Nearly 20% of music on streaming site is AI generated – that’s bad for music lovers
When Damon Albarn dropped the first Gorillaz album in 2001 it felt like a fresh, brilliant and exciting idea – a cartoon band employing avatars based on the Manga-inspired comic book art of collaborator Jamie Hewlett, he of Tank Girl fame. A virtual pop group for the dawn of the virtual age. But while members 2-D, Murdoc, Noodle and Russel were fictions grooving in saturated colour through animated videos, we knew at least that the music they made was real – because it was Albarn and his flesh and blood musical partners who made it and who on occasions toured with it.
Fast forward a quarter of a century and there is little that is brilliant or exciting about the extent to which generative AI is now throwing one fake act after another into the pop sphere, and in particular the world of streaming. “On the Internet, nobody knows you’re a dog” is a famous meme from the 1990s. We did once know if they were a gorilla, but today the nature of the beast is anybody’s guess. That band on the Spotify playlist, the one you’ve never heard of but which has millions of streams? There could be a reason. They might not be real, the music made by machines.

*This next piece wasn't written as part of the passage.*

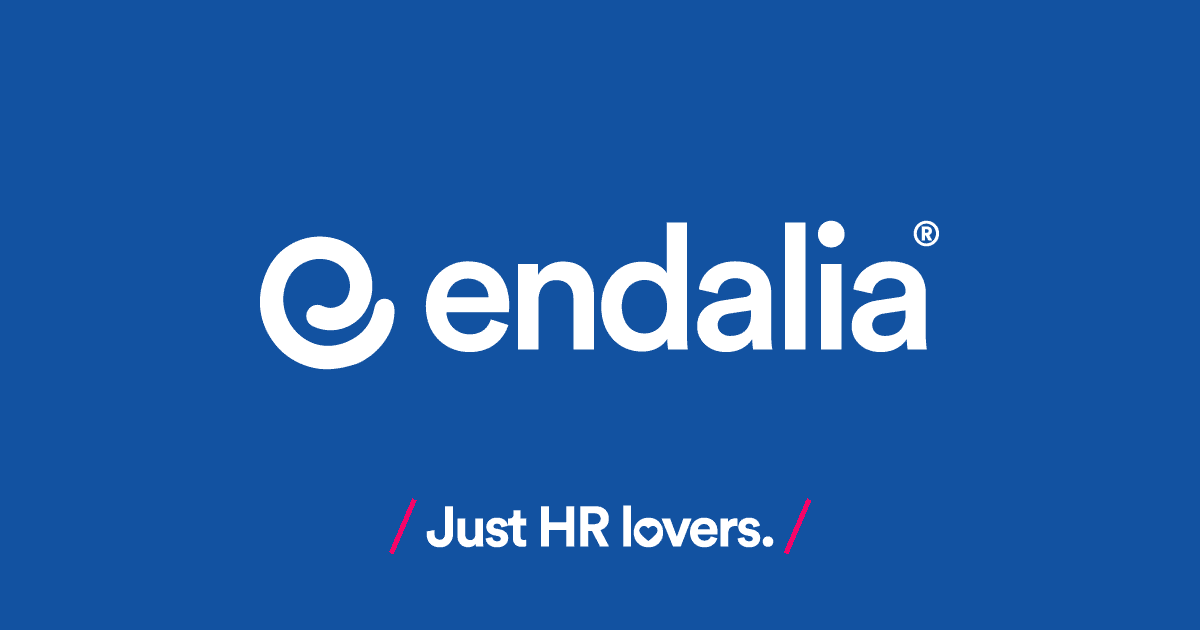 (c) Endalia.com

Enter The Velvet Sundown, a mysterious, new, all-male four-piece peddling blameless acoustic balladry and racking up large numbers of plays. Dust In The Wind, a track from debut album Floating On Echoes, released last month, has over a million on Spotify and at the time of writing the group enjoyed 1.1 million monthly listeners. But are they real? Many think not. The band members are named but there are no associated social media accounts. They’ve never given an interview. They’ve never played live. As far as anyone can tell.